What the task requires: Could you copy exactly the lines from the one containing "Ayrıntılar Netleşti: Kırklareli" through the last line of the records below, leaving out any pictures?

Source records:
________________________________________
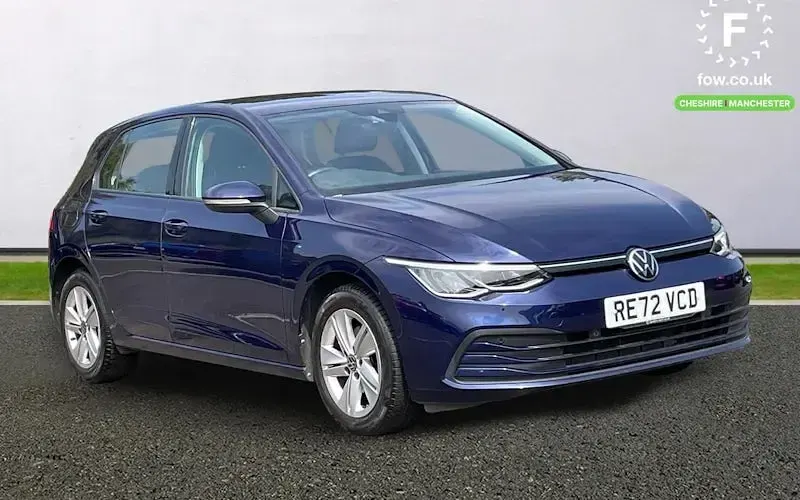 Used VW Golf VIII Life 150 HP (110 kW) 2024 Hatchback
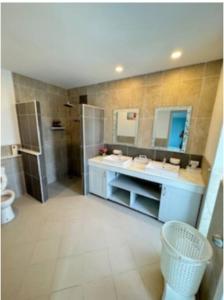 Luxury 4 Bedroom Beach House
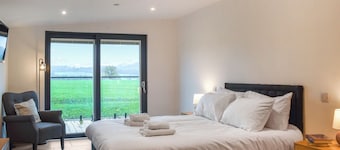 Acre Luxury Lodges-Cedar Lodge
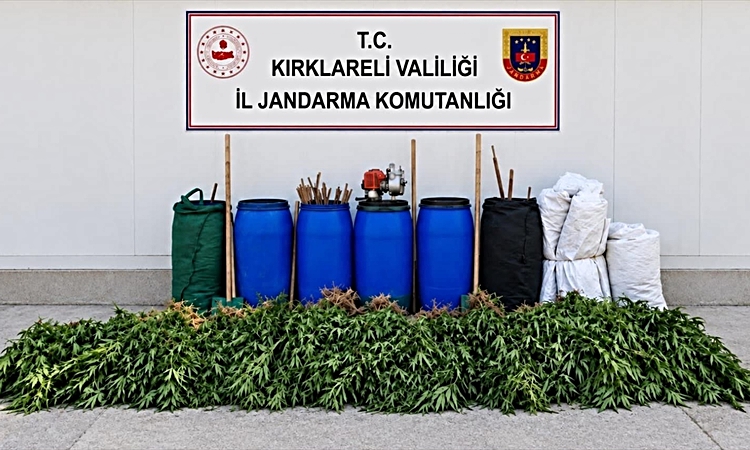 Ayrıntılar Netleşti: Kırklareli merkezli uyuşturucu operasyonunda 4 şüpheli yakalandı: Gelişmeler Takip Ediliy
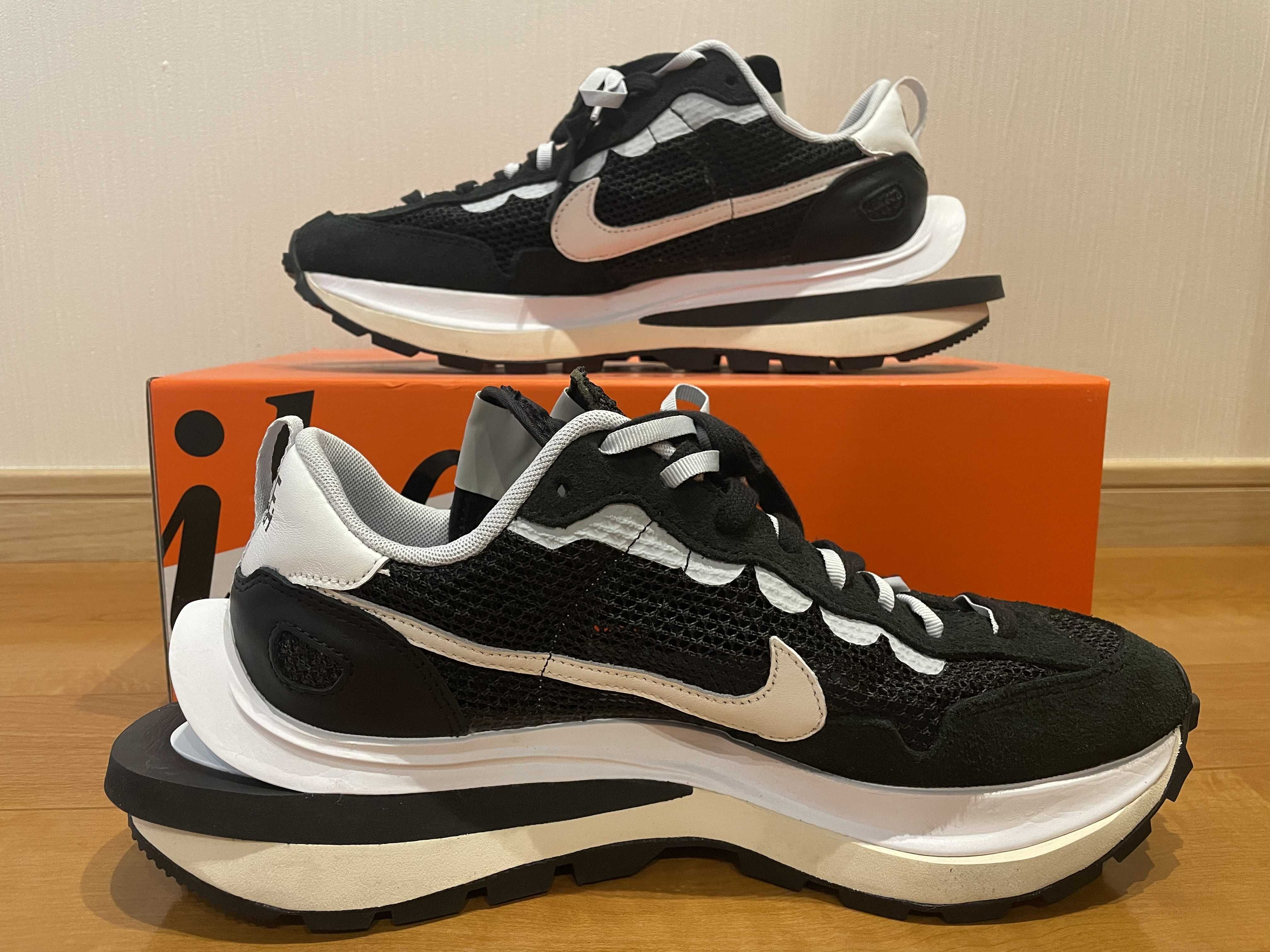 sacai × Nike Vapor Waffle "Black and White"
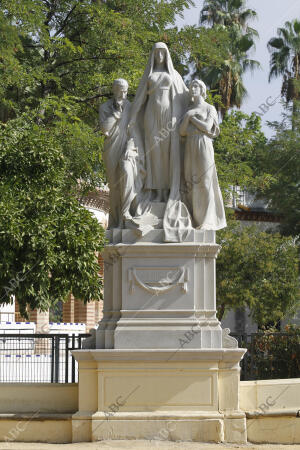 La glorieta de Covadonga del parque de María Luisa
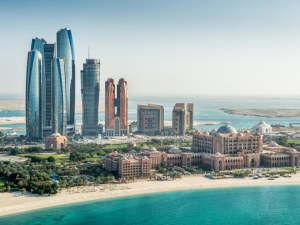 Влизането в Абу Даби – само за лица с бустерна доза срещу COVID-19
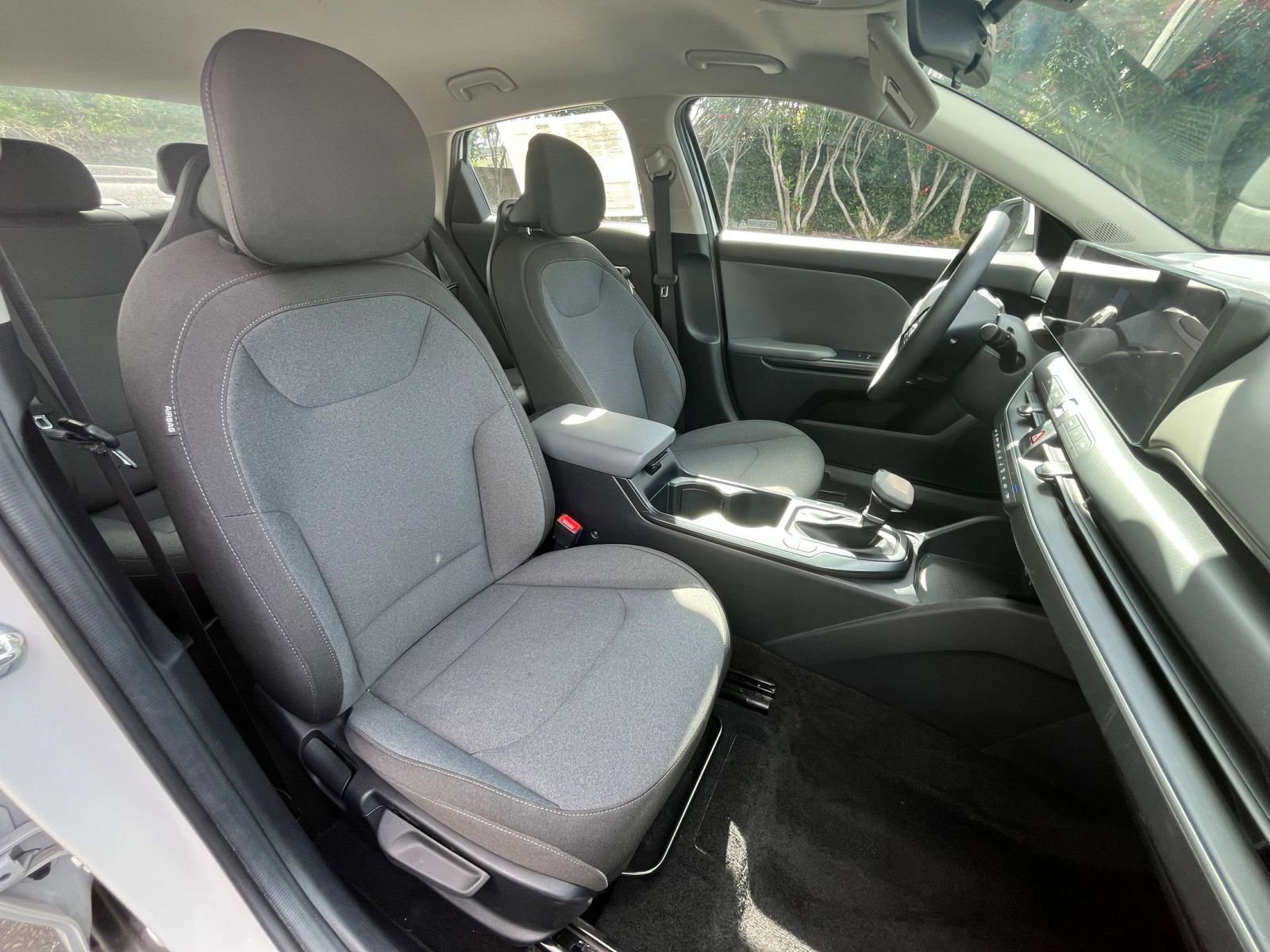 Thumbnail: 2025 Kia K4 - 35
________________________________________
Your solution:
 Ayrıntılar Netleşti: Kırklareli merkezli uyuşturucu operasyonunda 4 şüpheli yakalandı: Gelişmeler Takip Ediliy
 sacai × Nike Vapor Waffle "Black and White"
 La glorieta de Covadonga del parque de María Luisa
 Влизането в Абу Даби – само за лица с бустерна доза срещу COVID-19
 Thumbnail: 2025 Kia K4 - 35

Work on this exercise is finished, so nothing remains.